We're concerned about the cumulative impact of many small cuts. (Erosions in city services from this year's budget were outlined in our May 25 cover story, "Cracks in the community," available via www.PaloAltoOnline.com.)
We think Community Services and other large departments could benefit from a thorough "efficiency" examination by City Auditor Sharon Erickson, as proposed by some council members a year and a half ago.
But that won't save the City Council from having to make hard choices next Monday, when it confronts a "structural" gap of $5.2 million in the city's $120.8 million 2005-06 General Fund budget -- excluding utilities and capital improvement projects. As of this week, the gap will be closed by $3.4 million in cuts and $1.8 million in new revenues, largely from fees.
"Structural" means both making cuts and adding revenue -- new or higher user fees -- that will stick from year to year. Without such adjustments now, projections show a continuing deficit each year for the next decade.
The city staff and council deserve full credit for cutting $14.5 million in the past four years, including 40 full-time-equivalent positions through attrition. Most cuts have been from administrative areas less visible to residents than the direct services and high-profile programs on the block this year -- when another 30 FTE positions need to be eliminated in one way or another, including 15 probable layoffs at last count.
And anyone who looks through a quarter-inch "Fee Schedule" budget document may be in for sticker shock from some brand-new fees and increases in others, especially steep in the planning and building department areas.
Some incessant critics claim the city staff is bloated, with too many employees for a city of Palo Alto's size. Possible exaggerations notwithstanding, clearly there are areas where Palo Alto -- in the euphoric 1990s dot-com boom -- over allocated and under-saved in terms of reserves.

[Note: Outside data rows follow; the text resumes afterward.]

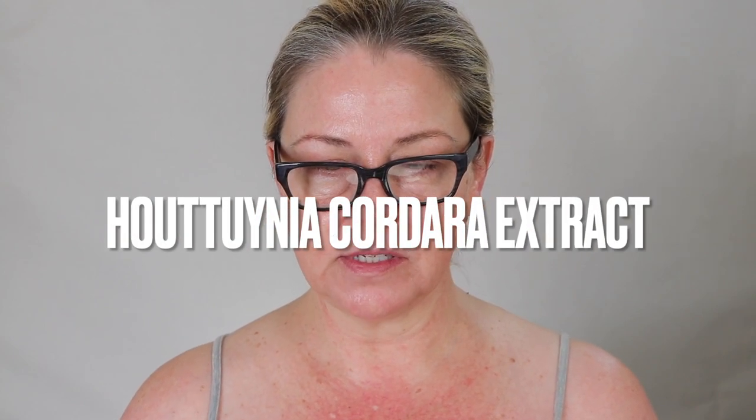There are a couple of other things I wanted to mention in the antioxidant category. We have centella asiatica, which is very healing, calming, and soothing to the skin, and pinnister bark extract — I believe pinnister is pine, so it's probably pine tree — and tocopherol, which is vitamin E.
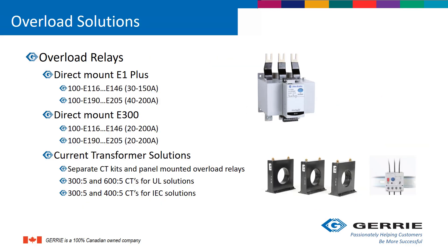For overload relay solutions, you can direct mount an E1 Plus overload relay to the 150-amp and the 200-amp frame sizes. The E300 will also direct mount to the same frame sizes. For anything above 200 amps, there are current transformer solutions available.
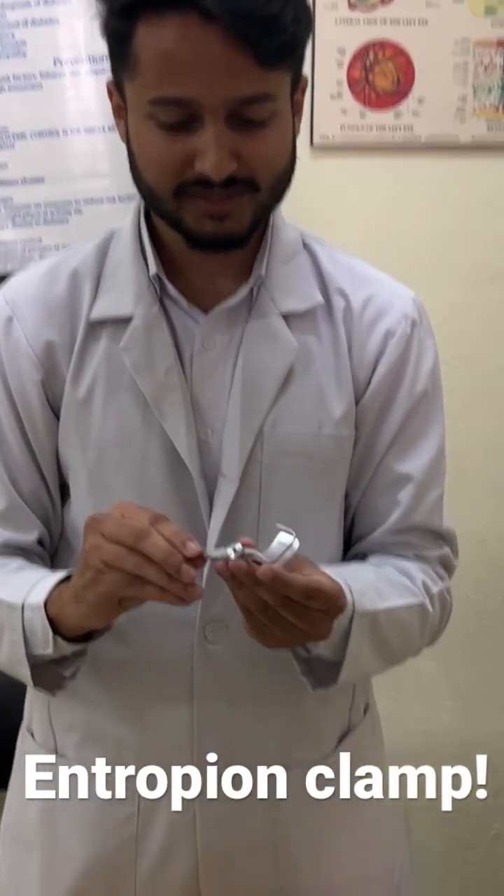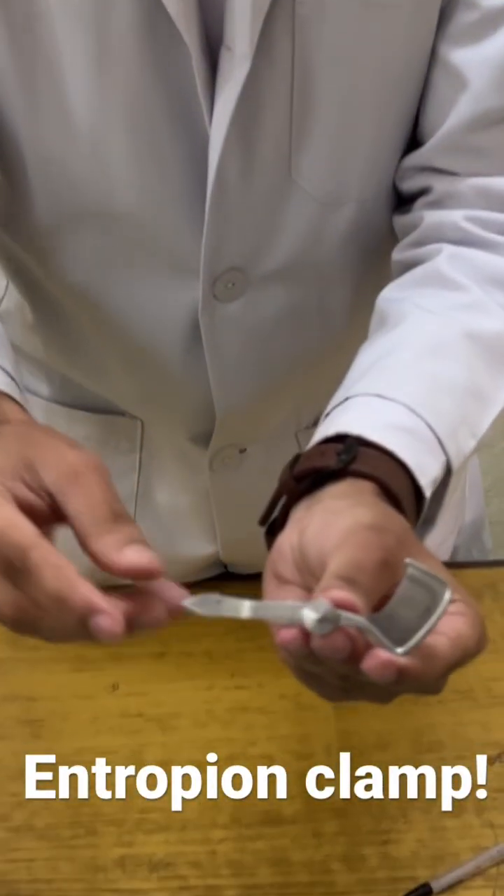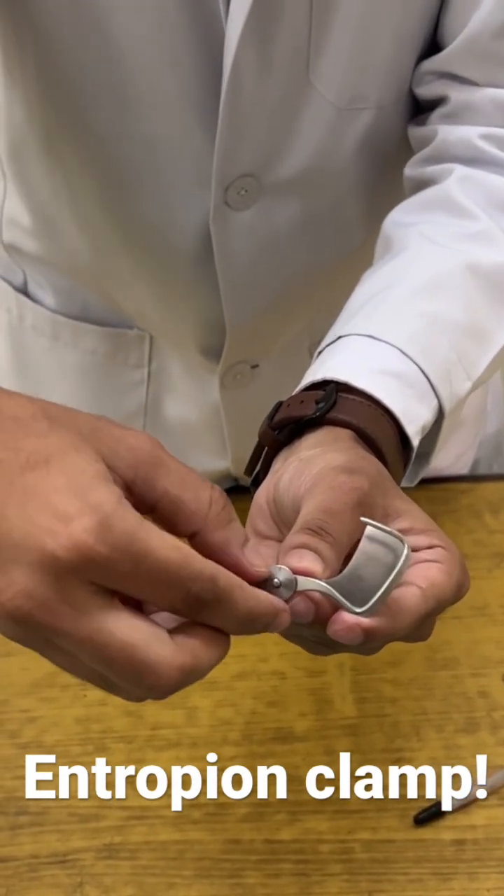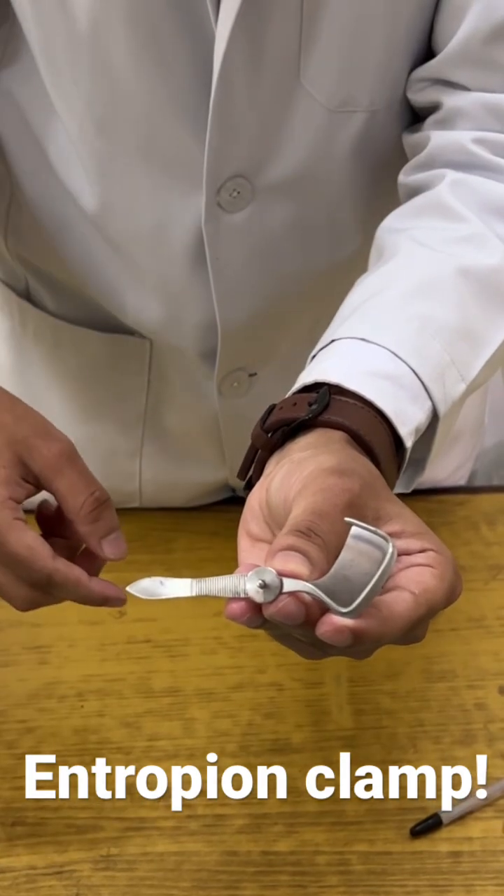This is a limb clamp, also known as an entrobial clamp. It is a metallic device with a clamp-like mechanism, which is used to achieve hemostasis during surgery.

But that's now history, and most of those in leadership positions today were not around eight or 10 years ago. Today Palo Alto must bring its budget into line with current revenue/cost realities -- the $5.2 million challenge to which the council's Finance Committee dedicated nine long meetings in May.
Here are some basics to help residents understand the "Why?"

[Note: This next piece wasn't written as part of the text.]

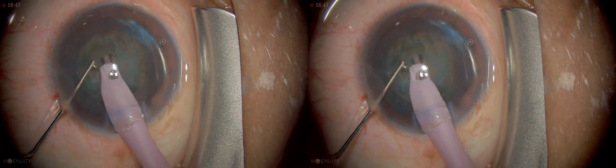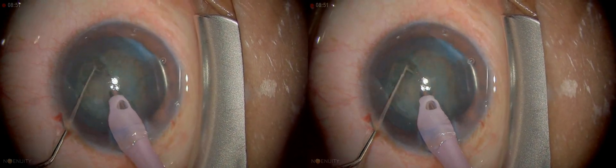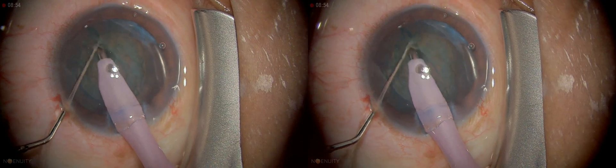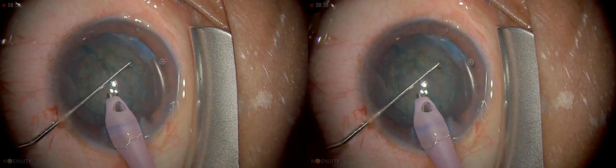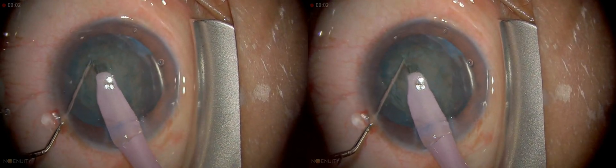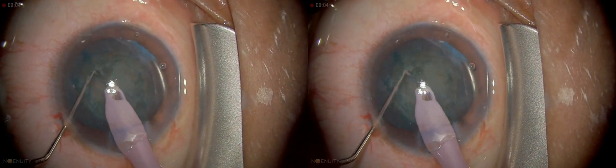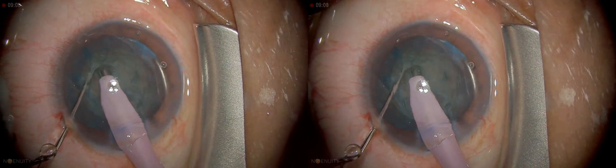This is a fairly soft cataract. It is possible to crack this nucleus, so I'm going to crack it into two. I can see the posterior capsule now.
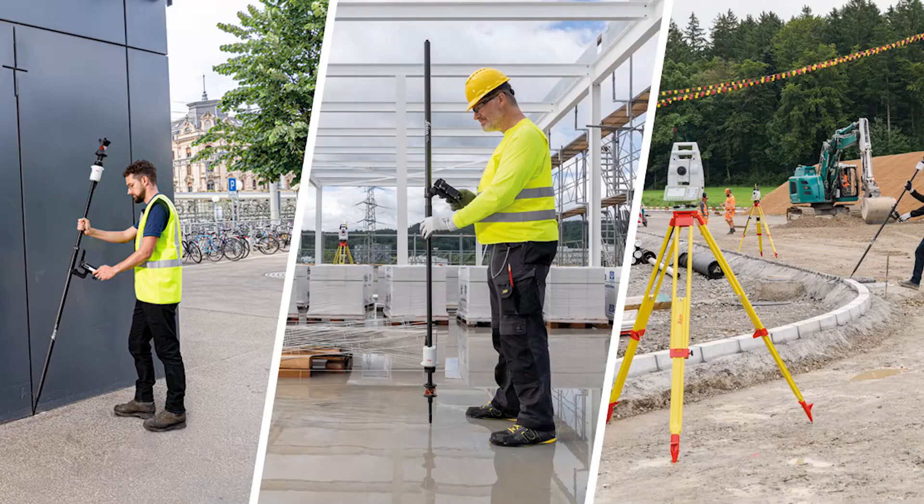How does the AP20 Autopole complement the Leica Geosystems existing total station portfolio? The Leica AP20 Autopole can be used together with our latest generation of total stations, the TS16 and MS16. By having a software upgrade, our customers are also able to use the equipment which they have bought a couple of years ago. So it's an upgrade to the existing portfolio. And if you buy a new total station, you can immediately use it together with the AP20. So it complements the total station portfolio and makes it a very smart solution — total stations together with the unique Autopole solution.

1) City property and sales tax revenues have dropped significantly, with no sign of an early recovery. Commercial vacancy rates are high -- some non-residential areas look like tilt-up ghost towns left over from the Great 1990s Silicon Rush.
2) Since the early 1990s, the state has siphoned off approximately $42 million in property tax and other revenues from Palo Alto.

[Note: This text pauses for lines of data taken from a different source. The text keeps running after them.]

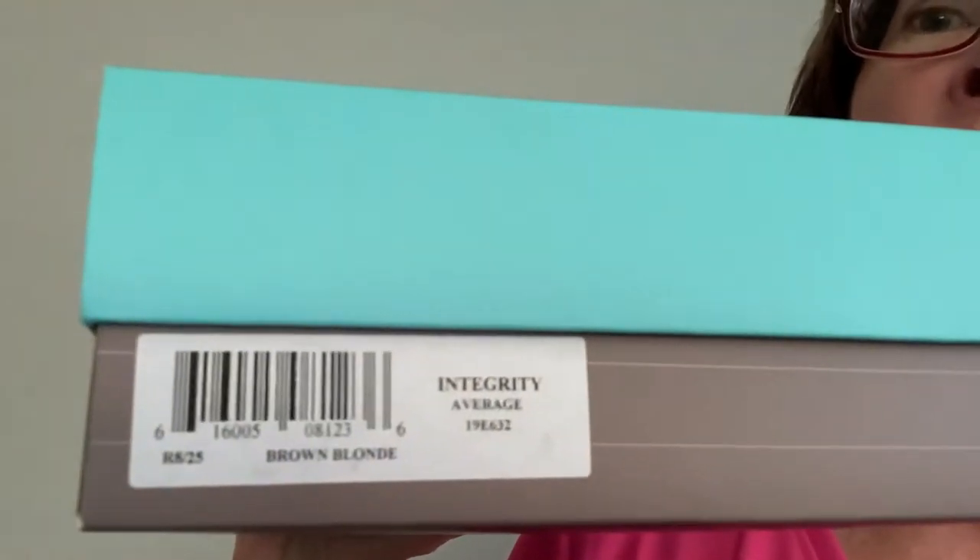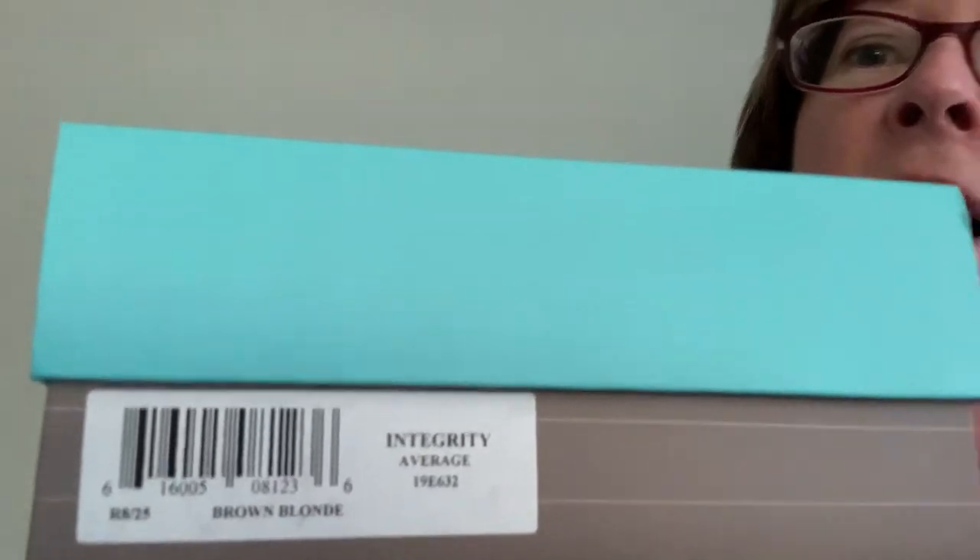The color is brown blonde, the size is average, and it's interesting — this brown blonde is more like platinum blonde. To compare that with my Gabor Gratitude wig, that one is more of a gold blonde, so it's slightly different.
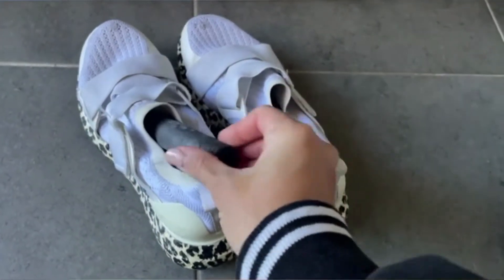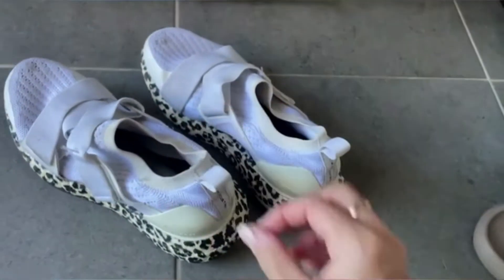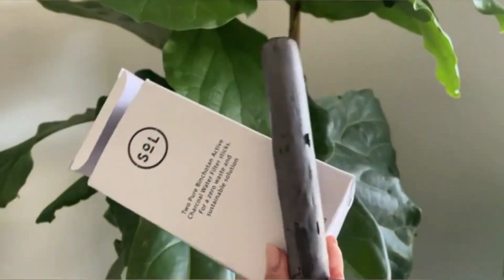These sticks can also be used to remove odours in cupboards, wardrobes, shoes or fridges, but of course we recommend having a separate pair especially for this. We hope you enjoy this more sustainable solution.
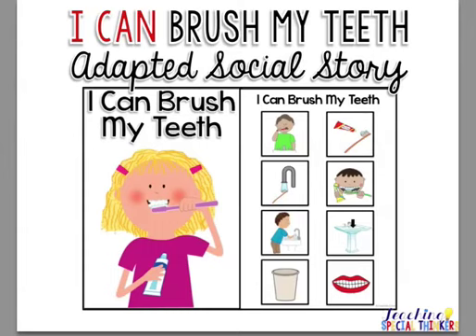Hey everyone, this is Gabrielle from TeachingSpecialThinkers.com. This is a quick preview of one of my new adapted social stories for my life skills pack. This one is called I Can Brush My Teeth.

3) As a recession side effect, CalPERS, the state public-employee retirement system, saw its once-lucrative investment portfolio shrivel and has billed cities and counties for the difference. Palo Alto's CalPERS share jumped from $5.7 million to $10.7 million in the past two years.
4) Health care costs climbed by 50 percent in the past four years to $10.8 million annually -- projected to double by 2015.
5) Declining local sales and transient-occupancy tax revenues are about to drop further with the closure of Rickey's Hyatt hotel. And will city, business and neighborhood leaders win their race with time to try to keep the city's eight remaining auto dealerships in town? A healthy dealership is worth about $2 million a year in sales tax revenues. Things could get worse, in other words.
Could city officials have predicted this circumstantial "perfect storm"? Perhaps. But even savvy venture capitalists and experienced economic forecasters were stunned by the precipitous bursting in 2001 of the dot-com bubble and lingering side-effects.
Specific concerns aside, we think the city staff and Finance Committee members have done a commendable job overall on the tedious, often depressing task of budget balancing in tough times. The full council on Monday should do as well.